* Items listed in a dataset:

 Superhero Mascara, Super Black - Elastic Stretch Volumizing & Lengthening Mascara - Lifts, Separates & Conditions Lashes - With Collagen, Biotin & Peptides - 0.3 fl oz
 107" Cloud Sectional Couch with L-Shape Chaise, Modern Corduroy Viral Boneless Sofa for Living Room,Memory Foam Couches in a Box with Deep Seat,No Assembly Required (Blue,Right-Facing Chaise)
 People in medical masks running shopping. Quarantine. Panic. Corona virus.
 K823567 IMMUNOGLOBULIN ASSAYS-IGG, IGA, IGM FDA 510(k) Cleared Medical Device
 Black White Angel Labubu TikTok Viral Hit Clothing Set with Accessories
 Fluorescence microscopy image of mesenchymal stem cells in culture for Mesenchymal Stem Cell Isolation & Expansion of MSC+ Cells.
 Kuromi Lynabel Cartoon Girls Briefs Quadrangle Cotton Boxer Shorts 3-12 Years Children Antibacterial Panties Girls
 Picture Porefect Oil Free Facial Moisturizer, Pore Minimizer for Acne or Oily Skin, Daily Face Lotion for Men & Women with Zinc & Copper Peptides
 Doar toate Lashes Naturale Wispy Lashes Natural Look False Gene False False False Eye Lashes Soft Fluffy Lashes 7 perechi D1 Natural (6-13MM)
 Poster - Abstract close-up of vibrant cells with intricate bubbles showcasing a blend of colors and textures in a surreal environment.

* Your instructions: Nothing but the lines from the first line of the data through the line with "Doar toate Lashes" should be returned, exactly as they appear, both ends included.

* Completed task:
 Superhero Mascara, Super Black - Elastic Stretch Volumizing & Lengthening Mascara - Lifts, Separates & Conditions Lashes - With Collagen, Biotin & Peptides - 0.3 fl oz
 107" Cloud Sectional Couch with L-Shape Chaise, Modern Corduroy Viral Boneless Sofa for Living Room,Memory Foam Couches in a Box with Deep Seat,No Assembly Required (Blue,Right-Facing Chaise)
 People in medical masks running shopping. Quarantine. Panic. Corona virus.
 K823567 IMMUNOGLOBULIN ASSAYS-IGG, IGA, IGM FDA 510(k) Cleared Medical Device
 Black White Angel Labubu TikTok Viral Hit Clothing Set with Accessories
 Fluorescence microscopy image of mesenchymal stem cells in culture for Mesenchymal Stem Cell Isolation & Expansion of MSC+ Cells.
 Kuromi Lynabel Cartoon Girls Briefs Quadrangle Cotton Boxer Shorts 3-12 Years Children Antibacterial Panties Girls
 Picture Porefect Oil Free Facial Moisturizer, Pore Minimizer for Acne or Oily Skin, Daily Face Lotion for Men & Women with Zinc & Copper Peptides
 Doar toate Lashes Naturale Wispy Lashes Natural Look False Gene False False False Eye Lashes Soft Fluffy Lashes 7 perechi D1 Natural (6-13MM)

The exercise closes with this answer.